Thank you Cheryl [Cheryl Miller, founder of Women2020],
It’s a tremendous pleasure to be here in Brussels with you today and to get Girls in ICT Day 2013 off to a great start.
I know that we are going to hear some interesting commentary and insights on the European situation later on, so let me – as the head of a specialized agency of the United Nations – spend a few minutes looking at the bigger, global, picture, first.
Everywhere we look, we see that there are many fewer women than men working in ICTs both in the developing and the developed world, and this is particularly significant given the consistent projections that there will be an ongoing shortage of qualified workers in this sector.
This pattern is of course also replicated here in Europe, and I look forward to hearing some of the numbers and projections for the years ahead.
I think we all agree that careers in ICTs are very often dynamic, creative and flexible, as well as being well-remunerated – and this represents the most tremendous opportunity for women – who frequently find themselves under-paid, and often under-employed.
Women will not only help to solve the talent shortage, but will also be empowered by new career opportunities in a sector that promises excellent employment prospects both in the immediate future and in the long-term.
At ITU we are looking at ways of increasing the number of women pursuing careers in ICTs, as well as at ways of leveraging ICTs themselves to increase the social and economic empowerment of women and girls.
We have a three-pronged approach to increasing the number of women in ICT careers – and perhaps this can be our response to Cheryl’s request for three concrete recommendations to help achieve the Europe 2020 vision for Smart Growth:
- Firstly, to create demand among girls and women for careers in ICT;
- Secondly, to ensure a better supply of science, technology, engineering and maths education to girls and women; and
- Thirdly, to achieve long-term sustainability by encouraging ICT businesses to attract, to recruit, to retain and – last, but very much not least – to promote women.
We are also undertaking various initiatives in terms of leveraging ICTs themselves for women’s empowerment.
The most important of these is our long-standing partnership with telecentre.org, which is on track to train one million women in basic ICT skills – and indeed by March this year we were already past the two-thirds mark, with 680,000 women from 147 organizations trained in 85 countries.
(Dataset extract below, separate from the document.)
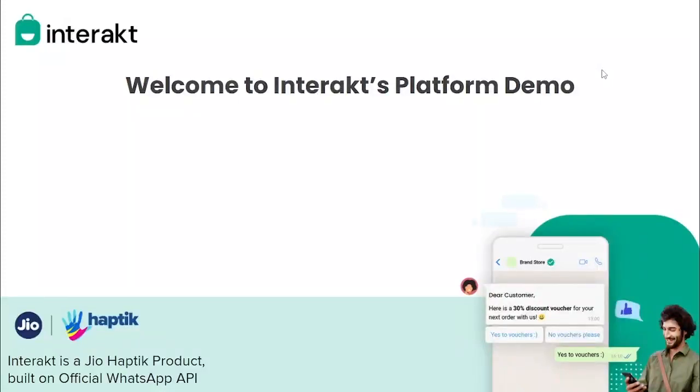Welcome to Interakt's Platform Demo. Interakt is a Jio Haptik product built on the official WhatsApp Business API, helping SMBs and D2C brands grow their online sales and improve customer support at scale.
We also maintain a ‘Girls in ICT Portal’ at www.girlsinict.org, which features over 500 programmes such as scholarships, tech camps and online networks. The portal is set up so people can add their own programmes – and we publish all event photos there, so let me invite you to log on and get involved!
For its part, the UN Broadband Commission – which was created three years ago by ITU and UNESCO – set up a working on Broadband & Gender in September last year, in answer to a direct appeal from Geena Davis, to harness the power of broadband to empower women and girls.
The working group had its first formal meeting in Mexico just over a month ago, chaired by Helen Clark, the UNDP Administrator, and I was very pleased to have been able to take part myself, along with the co-Chair of the Broadband Commission, Carlos Slim.
Finally, of course, we have our annual Girls in ICT Day, which brings us all together here in Brussels today, and which is being celebrated for only the third time in 2013, after being established by ITU’s membership at our Plenipotentiary Conference at the end of 2010.
Last year, on Girls in Day, over 1,300 events were organized in 90 countries around the world, and all the indications are that we will surpass this number today.
These events play an important role in demystifying ICTs and ICT careers, and I am pleased to report that we ourselves are hosting an event in Geneva today, at ITU’s new museum, the ICT Discovery, where girls from local schools will be welcomed and will attend coding, app and web-design workshops, and will also have the opportunity to meet female ICT professionals and hear their stories.
Let me therefore close on that positive note, and hand the floor back to Cheryl.